The goal of this thesis is to give new theoretical perspective on a collection of open problems, that are at the core of classical automata constructions and well-established algorithms.

The underlying mathematical tool to approach these questions are equivalence relations on words as abstractions of languages. So, she studies three main questions:

  • First, she focuses on automata minimization algorithms, methods for finding the finite-state automaton with the minimal number of states.

In this thesis, she aims to get a better understanding of the language-theoretical basis of the double-reversal method and its connection with the partition-based techniques.

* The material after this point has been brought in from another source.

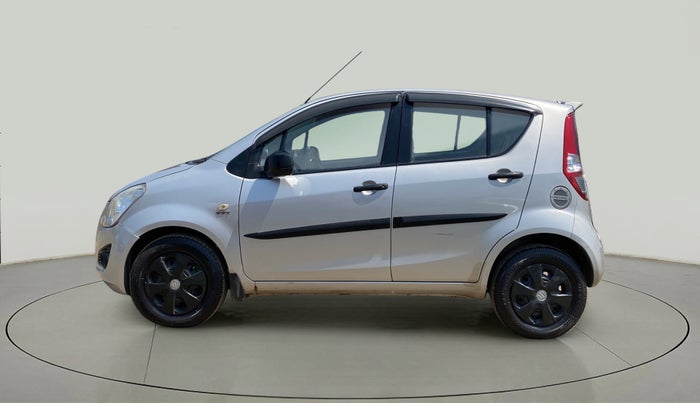 2014 Maruti Ritz VXI, Petrol, Manual, 86,219 km, Left Side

As a result, we provide a uniform framework of deterministic automata constructions based on finite-index equivalences on words that allows us to give a new simple proof of the double-reversal method and shed light on the relation between this algorithm and the partition-based techniques.

  • Second, she addresses the question of comparing the descriptional complexity of pushdown automata (PDAs) against context-free grammars (CFGs) and finite-state automata for Parikh equivalence, a weaker notion than the standard language equivalence under which the ordering of symbols in the words is not important.

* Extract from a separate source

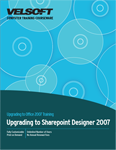 Upgrading To SharePoint Designer 2007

Her main contribution is to provide an infinite family of PDAs defined over a singleton alphabet that allows her to extract lower bounds on the number of grammar variables of the smallest CFG.

  • Finally, she addresses the question of extending Parikh’s Theorem to the more general model of weighted automata. It is well-known that Parikh’s Theorem does not hold for weighted languages. Thus, she studies sufficient conditions under which the Parikh property holds for weighted automata and also describes the decidability of this property and give a decision procedure for weighted CFGs with weights on the rational numbers.

To sum up, “in this dissertation we leverage equivalences on words as abstractions of languages. More pointedly, these abstractions are regular approximations of languages. Our results regarding finite-index congruences encourages the study of other kinds of regular approximations of context-free languages and the use of our framework to define congruence-based automata constructions for their finite representation”, appointed Elena. On the other hand, her work on the Parikh equivalence assumption shows that, despite being a relaxed version of language equivalence that enables the analysis of certain complex systems, when comparing PDAs against CFGs the situation is not different to that of language equivalence. And also, sets the basis for future directions on the extension of Parikh’s Theorem to weighted automata.